There are [two ways](https://github.com/hubverse-org/schemas/blob/de580d56b8fc5c24dd36a32994182e37b8b0ac95/v2.0.0/tasks-schema.json#L1323-L1380) in which one can set the dates during which model forecasts can be submitted:  
  
1. By setting a `"relative_to"` date, as well as `"start"` and `"end"` integers which set the range of dates in which submissions are accepted, as explained in the example below.  
- <mark style="background-color: #FFE331">`"relative_to"` specifies</mark> the *task id* variable in relation to which submission start and end dates are calculated.  In this instance it is `"origin_date"`.  
- <mark style="background-color: #32E331">`"start"` is a number</mark> used to calculate the beginning of the submission period, based on the `origin_date`. In this example, the start date is six days **prior** to `origin_date`.  
- <mark style="background-color: #38C7ED">On the other hand, `"end"` is a number</mark> used to calculate when the submission period is finished, based on the `origin_date`. In this example, the end date is one day **after** `origin_date`.  
- For instance, as was mentioned before, in this file, `2022-11-28` is allowed as an `origin_date`. In this case, submissions are due between "2022-11-22" (six days prior) and "2022-11-29" (one day after).  
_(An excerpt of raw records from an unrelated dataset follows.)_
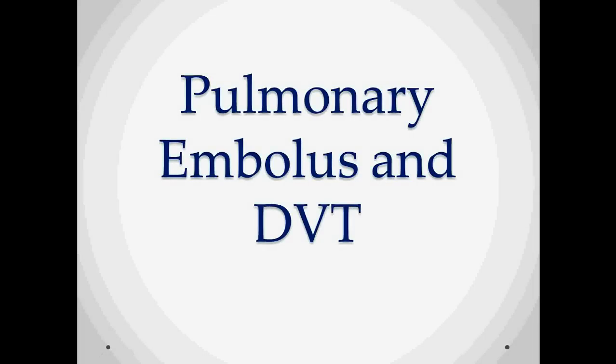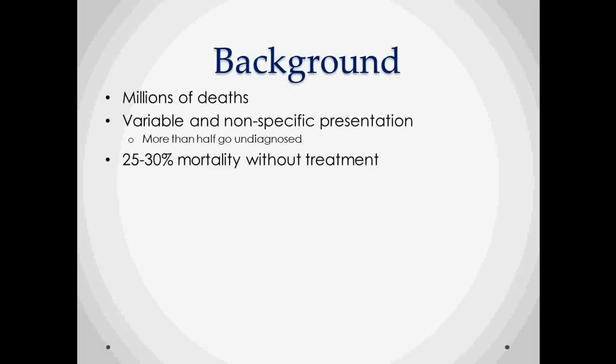Pulmonary embolus and DVT. This is a problem that accounts for millions of deaths in the United States and around the world. It's a tricky problem because it has a variable and nonspecific presentation. Some people estimate that more than half go undiagnosed, and there's a 25 to 30% mortality without treatment, so a lot of people don't figure it out until it's too late.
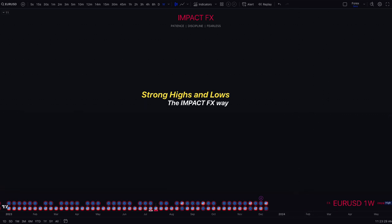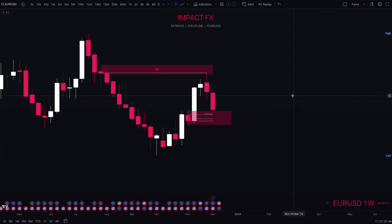Hey everyone, welcome back to another Impact FX video. Sorry I've been gone for a while - my videos will probably be a bit more spread apart these days due to personal life and the busy holiday Christmas time. Bear with me, but my promise to you guys is to provide value. Today we're going into strong highs and lows, the Impact FX way.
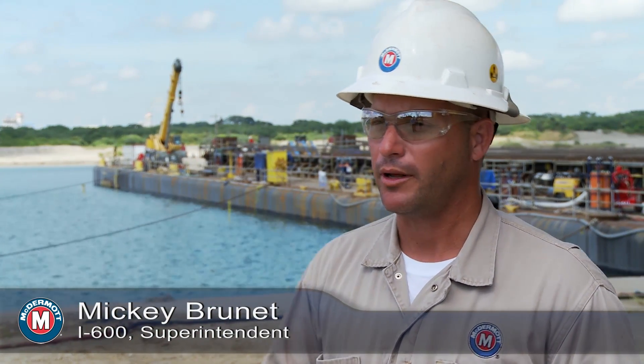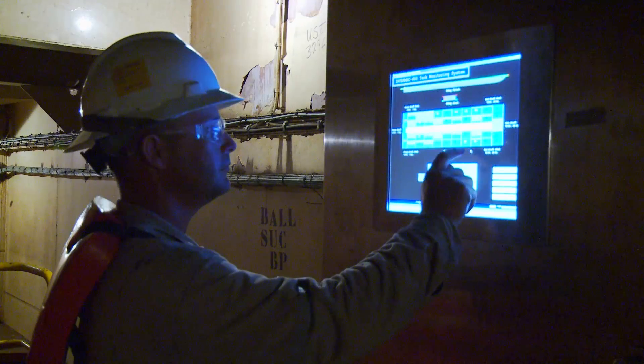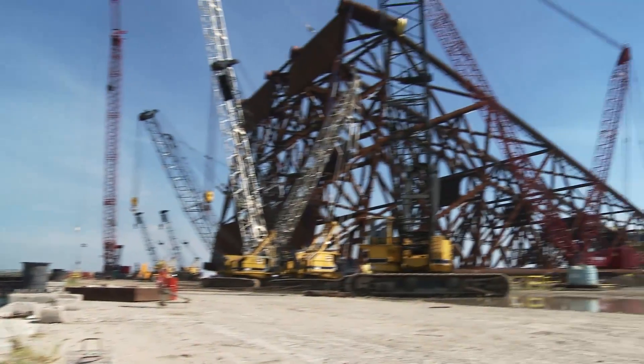In preparation of loadout, we moor the barge parallel with the jacket quayside. We ballast down, start pulling the jacket onto the barge, then start deballasting. Once complete, we uplift and parallel back to dockside.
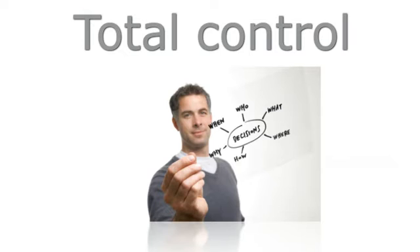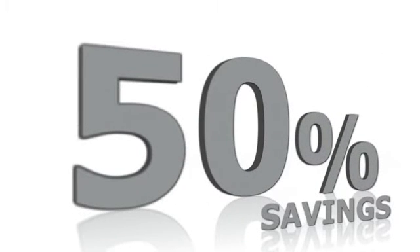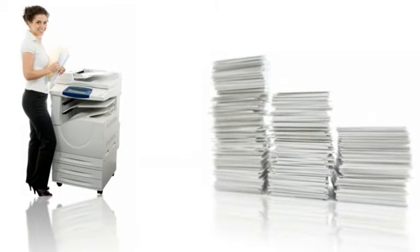Our customers experience dramatic savings of between 25 and 50% by cutting paper and toner use, rationalising their fleet of print and copy devices and reducing the support needed.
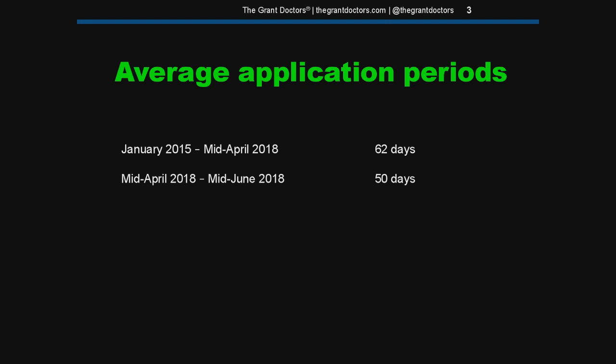For the past eight weeks, from mid-April to mid-June, the average application period has been 50 days, and that's a significant decline. That's why I want to bring this to your attention, because 12 days can make a big difference when you're preparing an application.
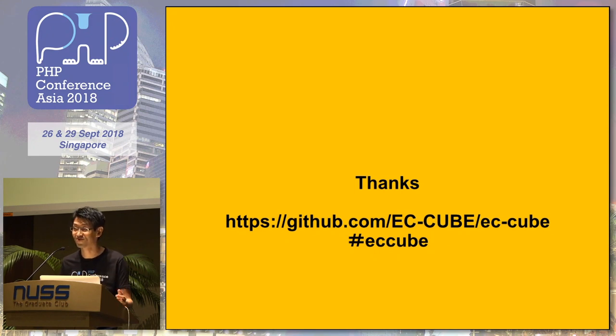That's all. Thank you. Maybe there are many Japanese written texts there, so you cannot understand what is written. But please check it out. Thank you.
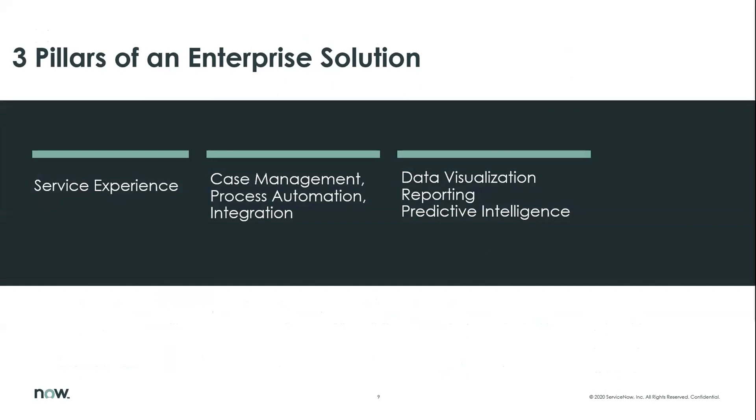There are really three pillars of the enterprise solution we bring to market. First is service experience — focusing on case management and process automation, which is ServiceNow's heritage with ITSM. Second is integrating with siloed systems of record and whatever tool sets or groups the case needs to work with until it's resolved. Third is reporting the work — data visualization, reporting and metrics, using key performance indicators to measure value. Predictive intelligence is part of the ServiceNow platform delivering an enterprise case management solution to the Air Force.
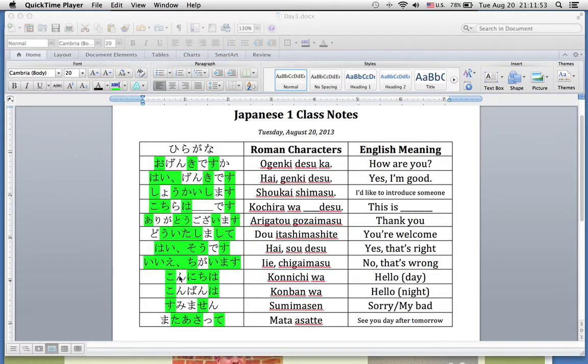If you see somebody in the daytime and want to say hello, it's こんにちは。 At night: こんばんは。 If you want to say you're sorry — just for a minor infraction, like you bump into somebody or you get something wrong — you just say すみません。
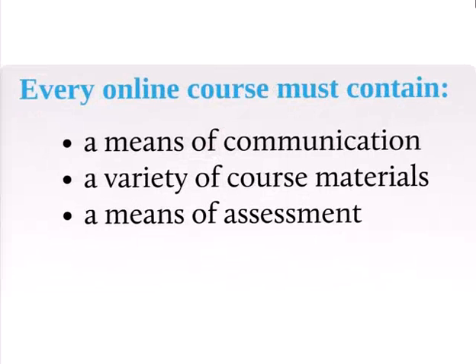Then we upped the ante. After about a year of running essentials, we said every course now needs to contain three things: a means of communication, a variety of course materials, and a form of assessment — which could be self-assessment, practice quizzes, proper assessment, or an uploaded assignment. Communication equally could be a chat room, a forum, or various other options. The thinking was: if I'm a learner who has missed sessions, I need those things to really enable me to study from home.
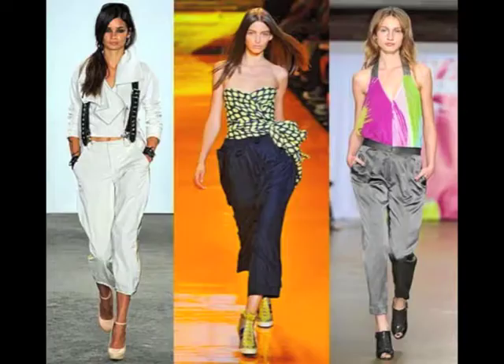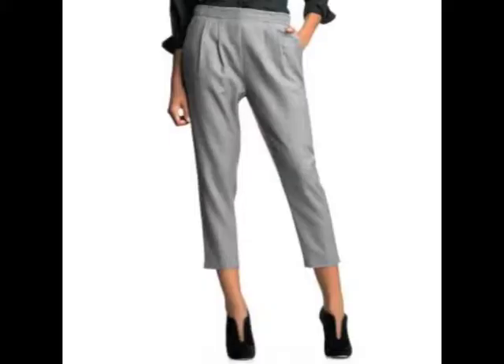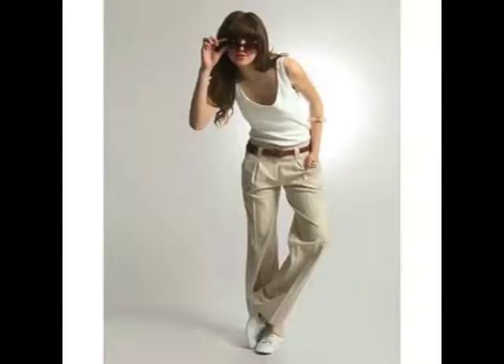Hey guys, it's Vera Sweeney from Getting Gorgeous and today we are talking about slouchy trousers. I'm so thankful that we have moved away from the harem pants that Gwen Stefani always rocked — way too dramatic for me. The slouchy trouser is kind of like a mainstream version and it's very doable for the everyday mom.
```{image} ../images/tasks_schema_8.png
:alt: Last lines of code in the tasks.json file
:class: bordered
```
---  
2. By setting explicit `"start"` and `"end"` dates (rather than integers as in the previous case), during which forecast submissions are accepted. In this case, the `"relative_to"` line should be omitted altogether, as in the example below:  

```
"submissions_due": {
    "start": "2022-06-07",
    "end": "2022-07-20"
}
```
<br/>  
  
 ## Step 9: Optional - Set up `"output_type_id_datatype"`:   

Once all modeling tasks and rounds have been configured, you may also choose to fix the `output_type_id` column data type across all model output files of the hub using the optional `"output_type_id_datatype"` property.

This property should be provided at the top level of `tasks.json` (i.e. sibling to `rounds` and `schema_version`) and can take any of the following values: `"auto"`, `"character"`, `"double"`, `"integer"`, `"logical"`, `"Date"`.

```json
{
  "schema_version": "https://raw.githubusercontent.com/hubverse-org/schemas/main/v3.0.1/tasks-schema.json",
  "rounds": [...],
  "output_type_id_datatype": "character"
}
```

For more context and details on when and how to use this setting, please see the [`output_type_id` column data type](output-type-id-datatype) section on the **model output** page.